A convenient way to query the INDRA DB is via INDRA's built-in client towards INDRA DB
which is documented here: https://indra.readthedocs.io/en/latest/modules/sources/indra_db_rest/index.html.

### Knowledge sources

The INDRA Database currently integrates and distills knowledge from several
different sources, both biology-focused natural language processing systems and
other pre-existing databases

#### Daily Readers
We have read all available content, and every day we run the following readers:
- [REACH](https://github.com/clulab/reach)
- [Sparser](https://github.com/ddmcdonald/sparser)

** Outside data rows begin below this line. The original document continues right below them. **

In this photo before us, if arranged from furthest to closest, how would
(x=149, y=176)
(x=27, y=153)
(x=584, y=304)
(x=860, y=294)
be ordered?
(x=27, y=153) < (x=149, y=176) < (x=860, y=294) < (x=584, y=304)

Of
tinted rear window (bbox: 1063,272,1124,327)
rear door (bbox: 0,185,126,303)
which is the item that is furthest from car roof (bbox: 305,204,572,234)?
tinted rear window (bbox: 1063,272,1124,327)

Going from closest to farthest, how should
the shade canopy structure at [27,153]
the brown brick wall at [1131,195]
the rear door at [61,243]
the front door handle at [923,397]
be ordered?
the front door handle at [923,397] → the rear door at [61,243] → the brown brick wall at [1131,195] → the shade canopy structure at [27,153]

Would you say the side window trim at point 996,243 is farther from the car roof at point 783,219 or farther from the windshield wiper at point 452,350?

we read all new content with the following readers:
- [Eidos](https://github.com/clulab/eidos)
- [ISI](https://github.com/sgarg87/big_mech_isi_gg)
- [MTI](https://ii.nlm.nih.gov/MTI/index.shtml) - used specifically to tag
content with topic terms.

we read a limited subset of new content with the following readers:
- [TRIPS](http://trips.ihmc.us/parser/cgi/drum)

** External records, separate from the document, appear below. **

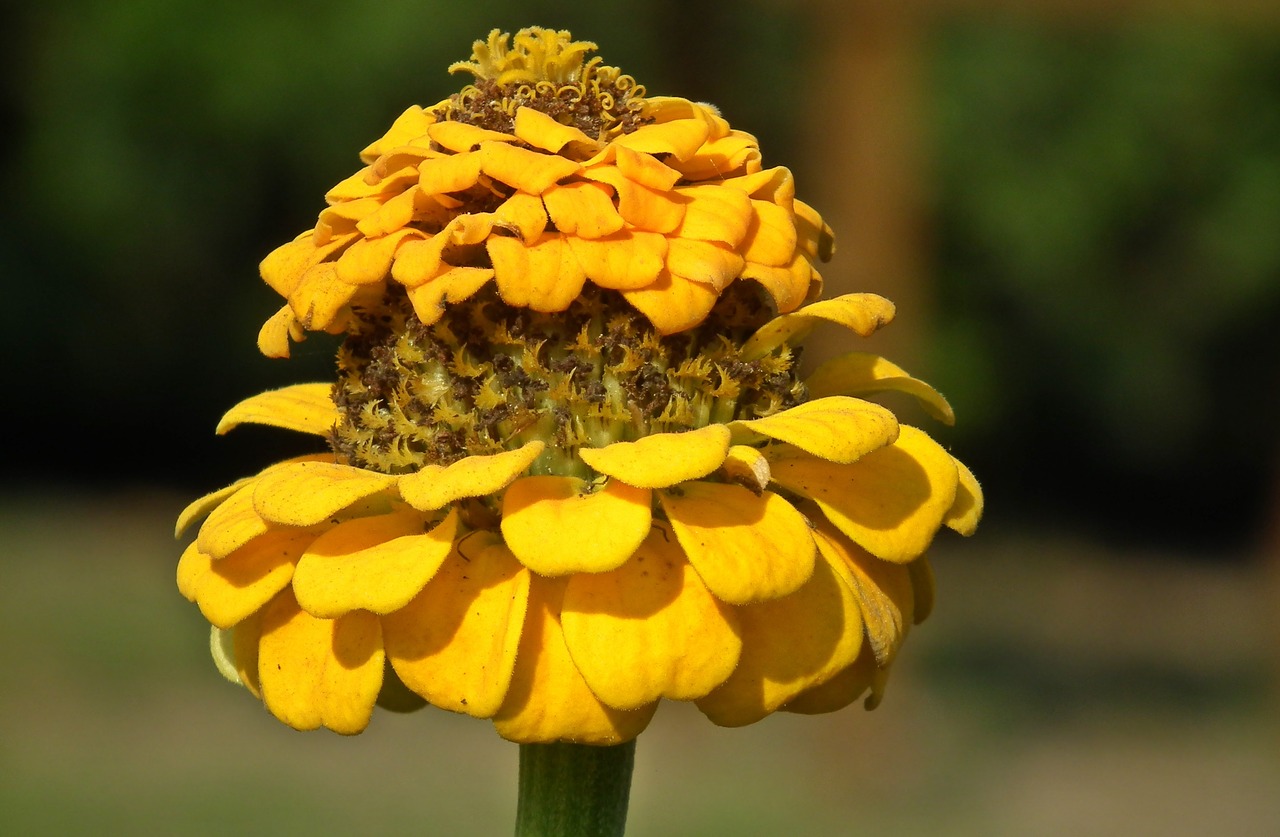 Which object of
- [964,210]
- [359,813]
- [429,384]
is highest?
[429,384]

on the latest content drawn from:
- [PubMed](https://www.ncbi.nlm.nih.gov/pubmed/) - ~19 million abstracts and ~29 million titles
- [PubMed Central](/www.ncbi.nlm.nih.gov/pmc/) - ~2.7 million fulltext
- [Elsevier](https://www.elsevier.com/) - ~0.7 million fulltext
(requires special access)

#### Other Readers
We also include more or less static content extracted from the following readers:
- [RLIMS-P](https://research.bioinformatics.udel.edu/rlimsp/)

#### Other Databases
We include the information from these pre-existing databases:
- [Pathway Commons database](http://pathwaycommons.org/)
- [BEL Large Corpus](https://github.com/OpenBEL/)
- [SIGNOR](https://signor.uniroma2.it/)
- [BioGRID](https://thebiogrid.org/)
- [TAS](https://www.biorxiv.org/content/10.1101/358978v1)
- [TRRUST](https://omictools.com/trrust-tool)
- [PhosphoSitePlus](https://www.phosphosite.org/)
- [Causal Biological Networks Database](http://www.causalbionet.com/)
- [VirHostNet](http://virhostnet.prabi.fr/)
- [CTD](http://ctdbase.org/)
- [Phospho.ELM](http://phospho.elm.eu.org/)
- [DrugBank](https://www.drugbank.ca/)
- [CONIB](https://pharmacome.github.io/conib/)
- [CRoG](https://github.com/chemical-roles/chemical-roles)
- [DGI](https://www.dgidb.org/)

These databases are retrieved primarily using the tools in `indra.sources`. The
statements extracted from all of these sources are stored and updated in the
database.

### Knowledge Assembly

The INDRA Database uses the powerful internal assembly tools available in INDRA
but implemented for large-scale incremental assembly. The resulting corpus of
cleaned and de-duplicated statements, each with fully maintained provenance, is
the primary product of the database.

For more details on the internal assembly process of INDRA, see the
[INDRA documentation](http://indra.readthedocs.io/en/latest/modules/preassembler).

### Access

The content in the database can be accessed by those that created it using the
`indra_db.client` submodule. This repo also implements a REST API which can be
used by those without direct acccess to the database. For access to our REST
API, please contact the authors.

## Installation

The INDRA database only works for Python 3.6+, though some parts are still compatible with 3.5.

First, [install INDRA](http://indra.readthedocs.io/en/latest/installation.html),
then simply clone this repo, and make sure that it is visible in your
`PYTHONPATH`.

## Funding
The development of INDRA DB is funded under the DARPA Communicating with Computers program (ARO grant W911NF-15-1-0544).